> [Problem requirements]: In the data below, begin at the line with "THOM BROWNE· Leather" and stop after the line with "MASTECH-MS2203 Wattmeter ،"; output those lines exactly and no pictures.

> [Record extracts]:
↓↓↓
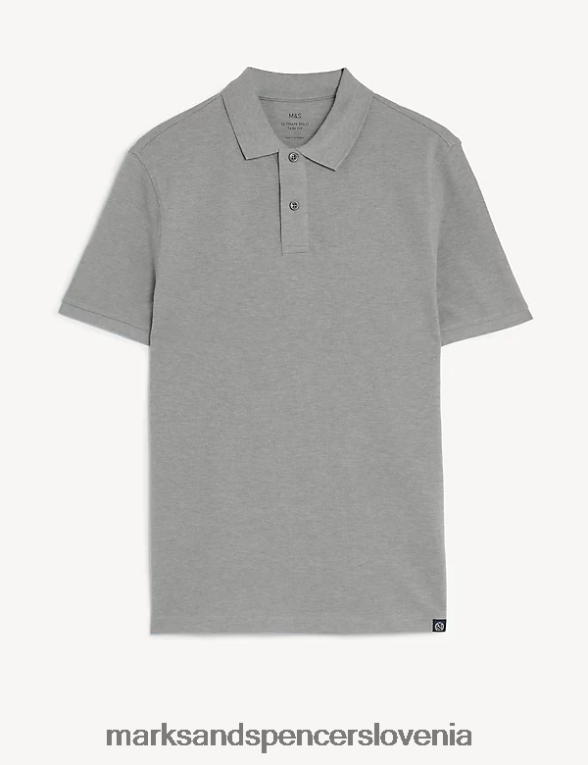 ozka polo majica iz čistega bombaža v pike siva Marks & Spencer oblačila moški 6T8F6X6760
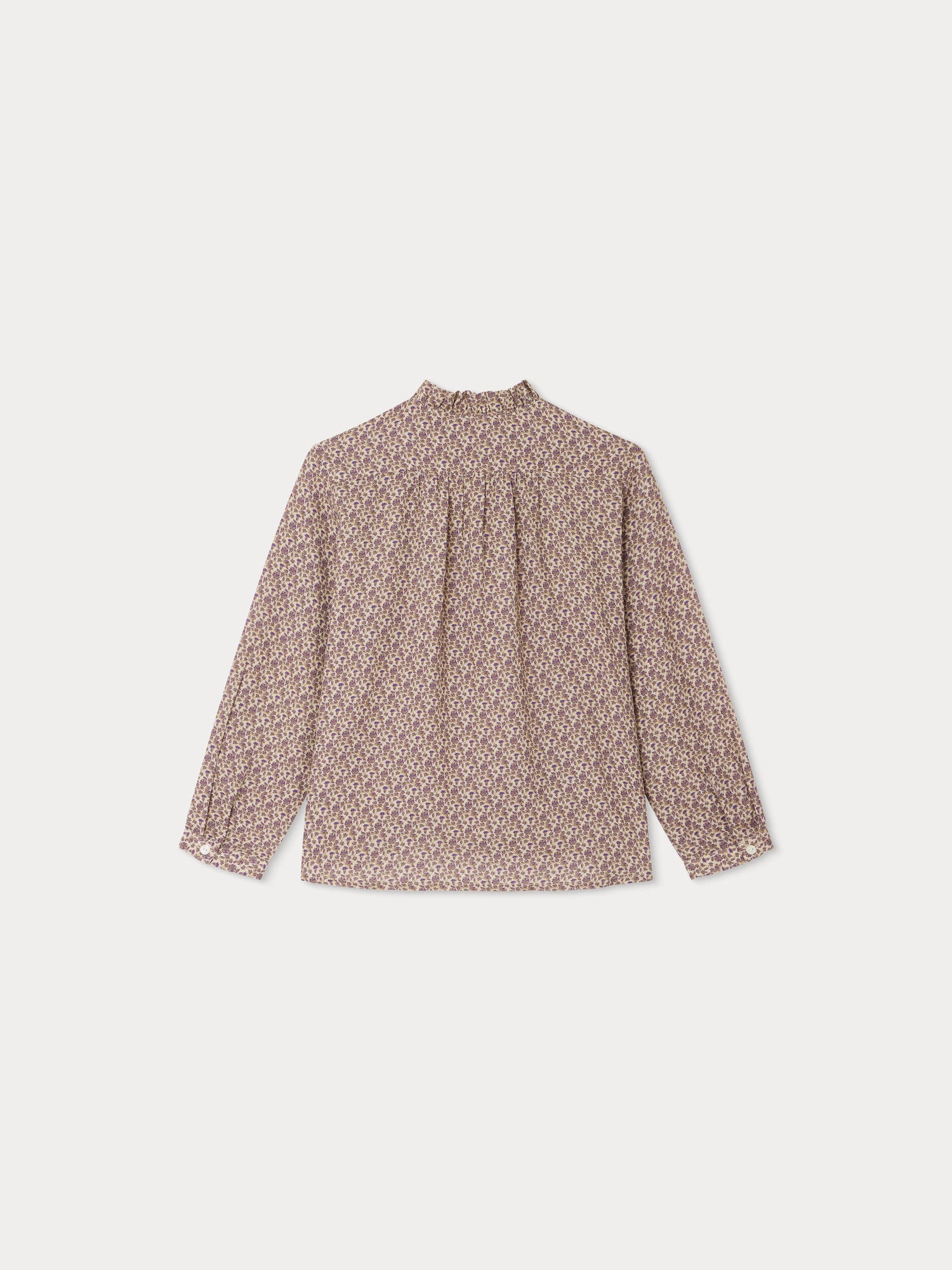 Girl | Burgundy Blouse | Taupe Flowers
↑↑↑
↓↓↓
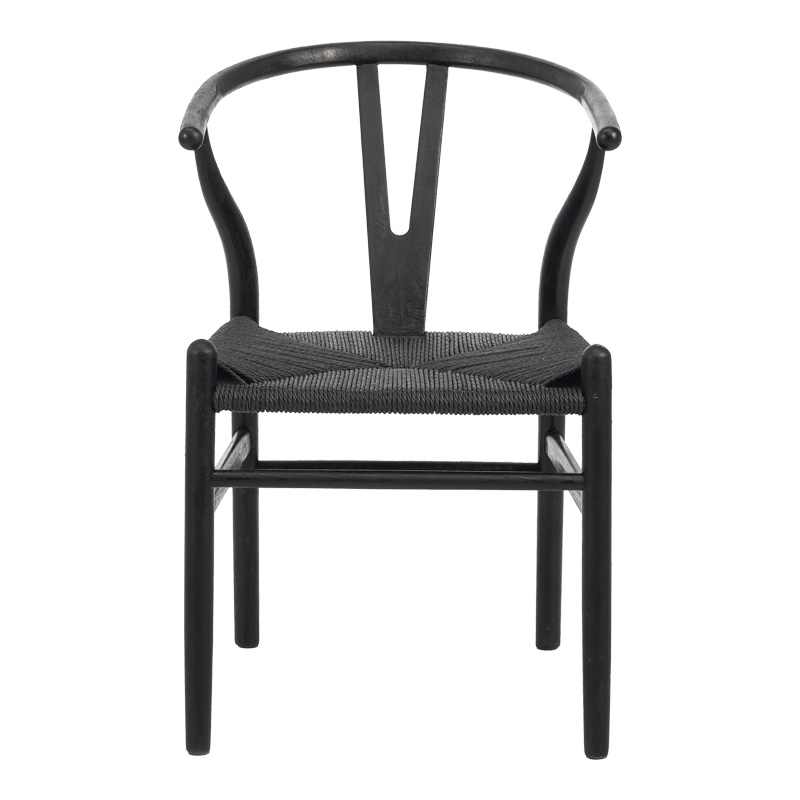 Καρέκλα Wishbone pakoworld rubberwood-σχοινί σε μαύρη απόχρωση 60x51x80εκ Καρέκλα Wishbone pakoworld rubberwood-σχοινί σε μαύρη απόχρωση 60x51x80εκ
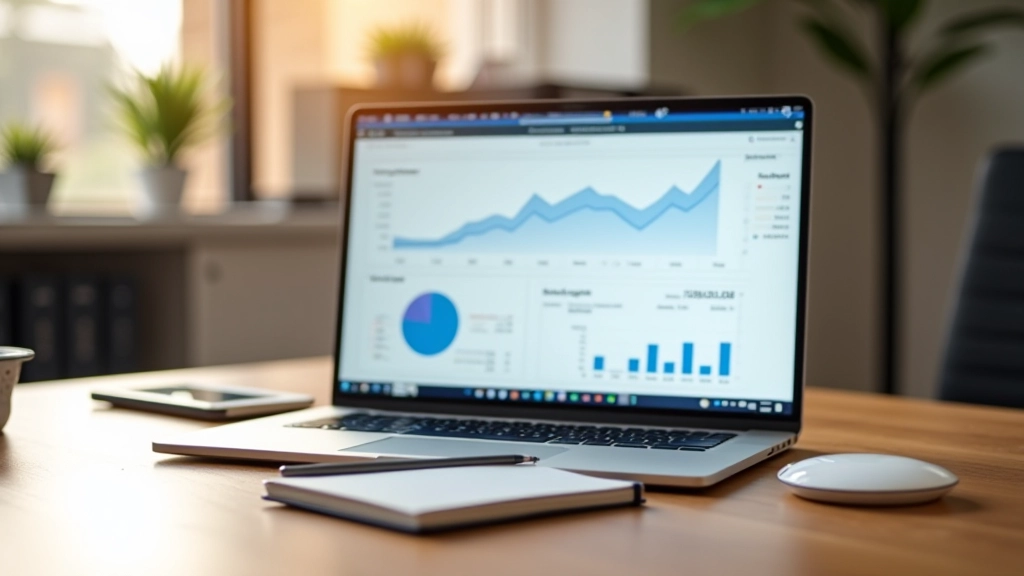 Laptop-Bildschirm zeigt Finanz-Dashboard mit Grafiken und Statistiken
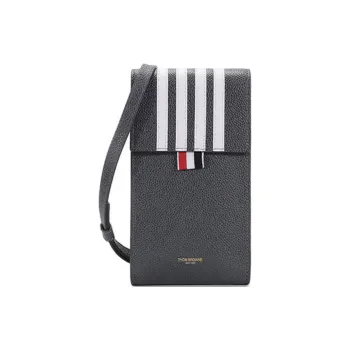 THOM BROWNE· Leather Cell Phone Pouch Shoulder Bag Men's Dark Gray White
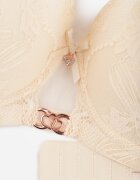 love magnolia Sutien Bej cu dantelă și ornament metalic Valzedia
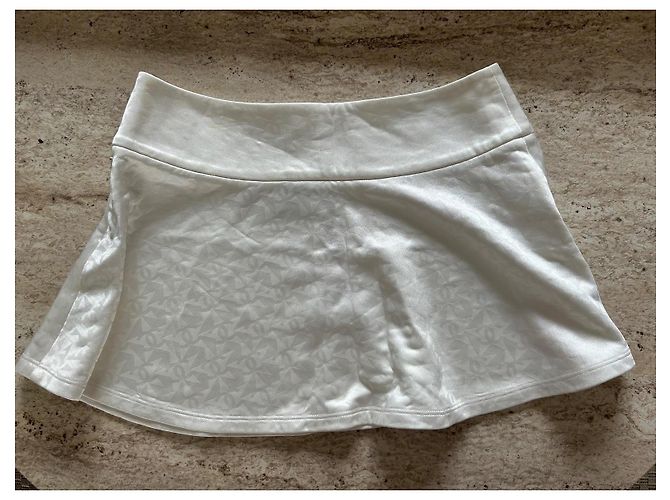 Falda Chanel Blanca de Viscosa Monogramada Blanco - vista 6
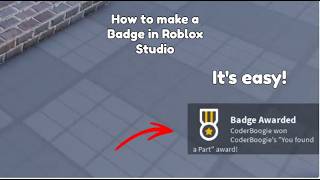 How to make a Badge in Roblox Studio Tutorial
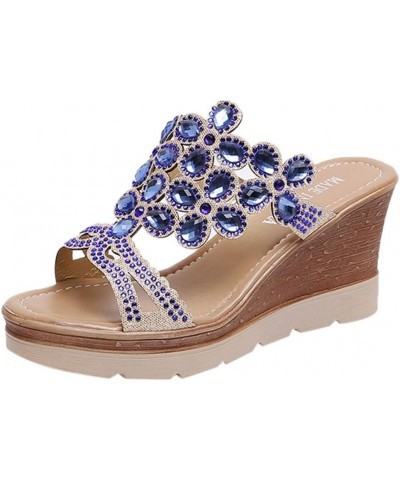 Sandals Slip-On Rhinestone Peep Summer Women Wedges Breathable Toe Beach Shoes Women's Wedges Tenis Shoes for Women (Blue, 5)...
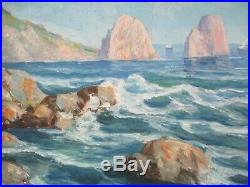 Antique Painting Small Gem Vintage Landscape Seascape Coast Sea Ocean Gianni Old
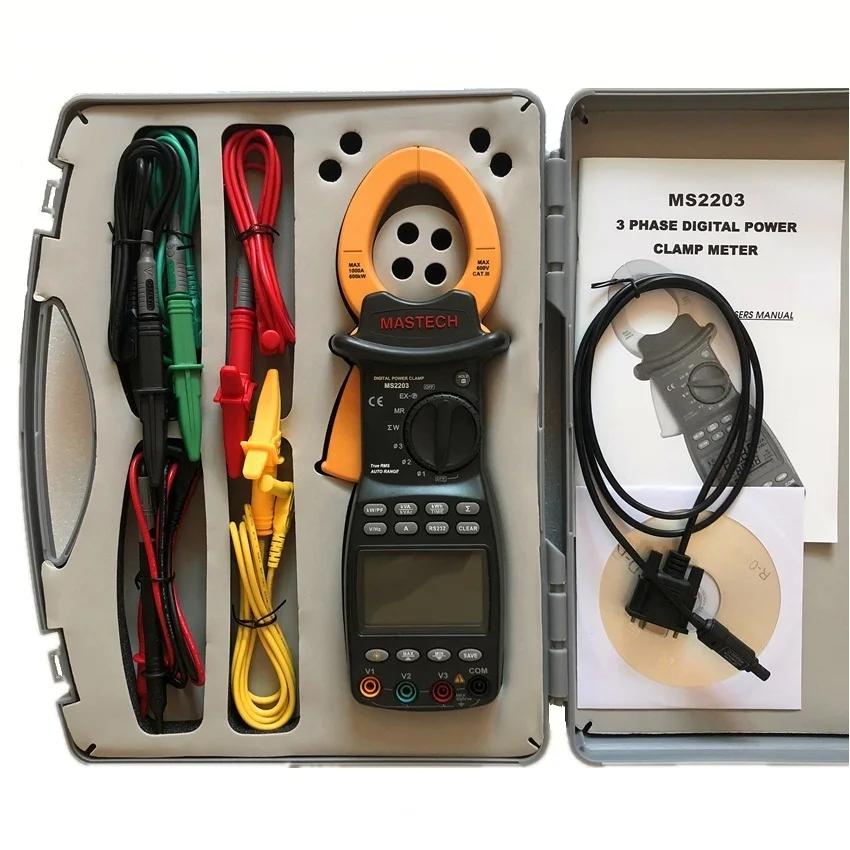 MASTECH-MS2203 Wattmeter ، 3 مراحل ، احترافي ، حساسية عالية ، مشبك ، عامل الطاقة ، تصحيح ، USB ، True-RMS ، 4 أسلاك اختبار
↑↑↑
↓↓↓
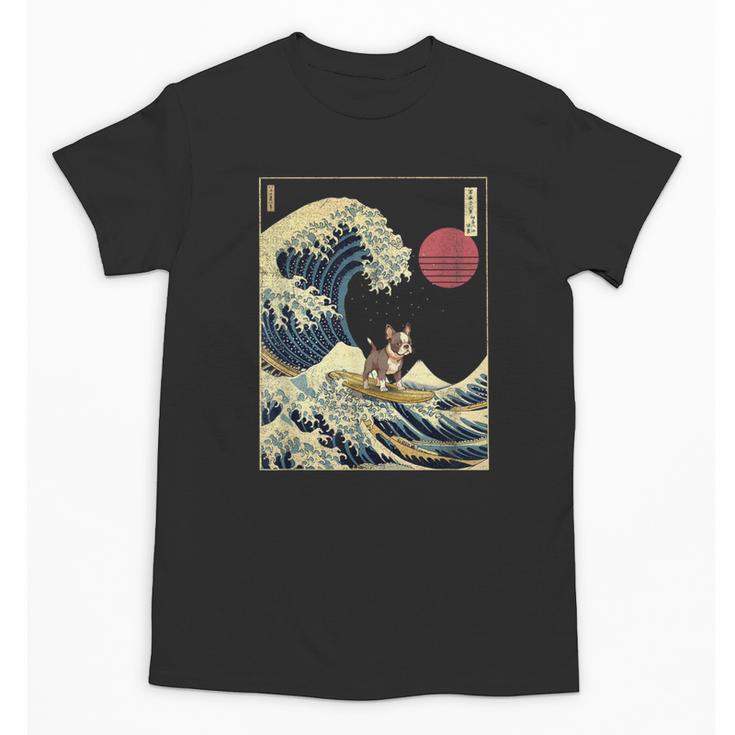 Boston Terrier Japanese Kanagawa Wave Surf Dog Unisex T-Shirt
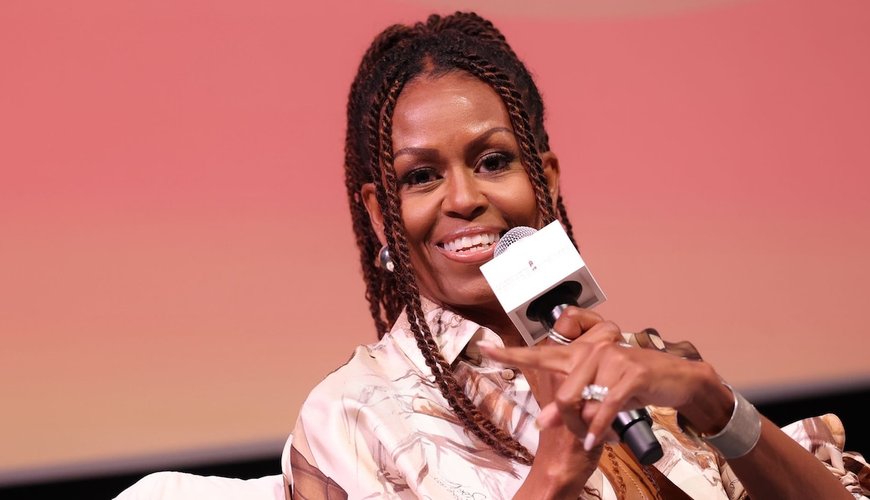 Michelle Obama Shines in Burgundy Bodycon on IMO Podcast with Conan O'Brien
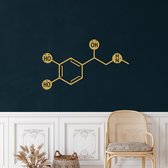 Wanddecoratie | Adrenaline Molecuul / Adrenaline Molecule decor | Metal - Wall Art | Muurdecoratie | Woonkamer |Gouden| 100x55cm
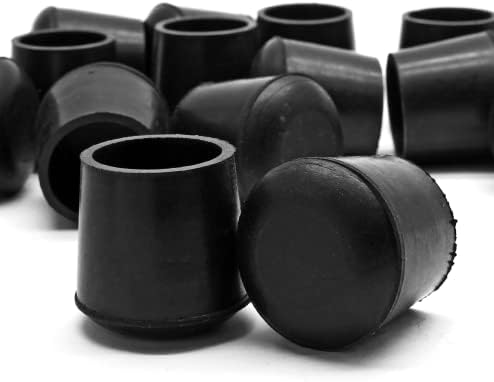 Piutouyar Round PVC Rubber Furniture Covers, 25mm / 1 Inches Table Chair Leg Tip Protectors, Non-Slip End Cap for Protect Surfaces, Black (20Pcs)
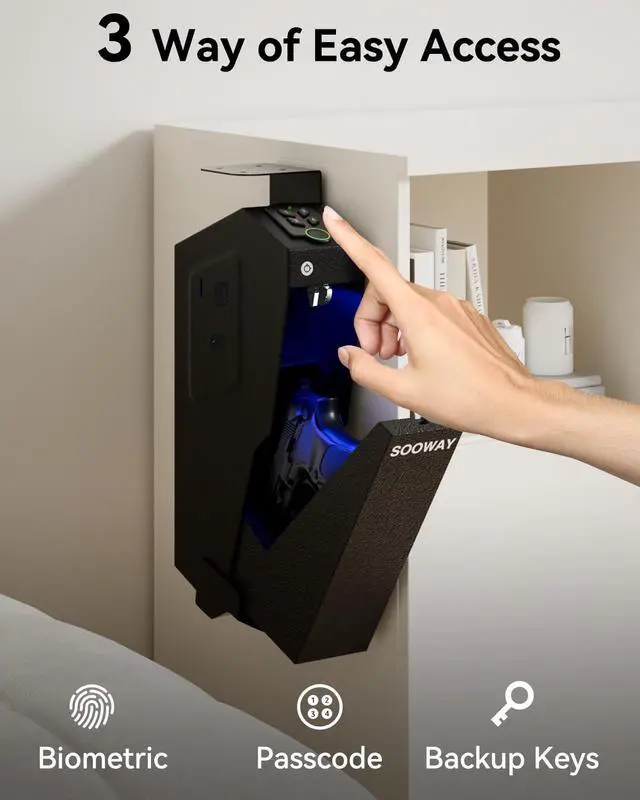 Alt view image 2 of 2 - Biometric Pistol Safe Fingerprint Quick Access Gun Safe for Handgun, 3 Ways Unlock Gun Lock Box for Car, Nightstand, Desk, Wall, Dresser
↑↑↑
> [Exercise answer]:
 THOM BROWNE· Leather Cell Phone Pouch Shoulder Bag Men's Dark Gray White
 love magnolia Sutien Bej cu dantelă și ornament metalic Valzedia
 Falda Chanel Blanca de Viscosa Monogramada Blanco - vista 6
 How to make a Badge in Roblox Studio Tutorial
 Sandals Slip-On Rhinestone Peep Summer Women Wedges Breathable Toe Beach Shoes Women's Wedges Tenis Shoes for Women (Blue, 5)...
 Antique Painting Small Gem Vintage Landscape Seascape Coast Sea Ocean Gianni Old
 MASTECH-MS2203 Wattmeter ، 3 مراحل ، احترافي ، حساسية عالية ، مشبك ، عامل الطاقة ، تصحيح ، USB ، True-RMS ، 4 أسلاك اختبار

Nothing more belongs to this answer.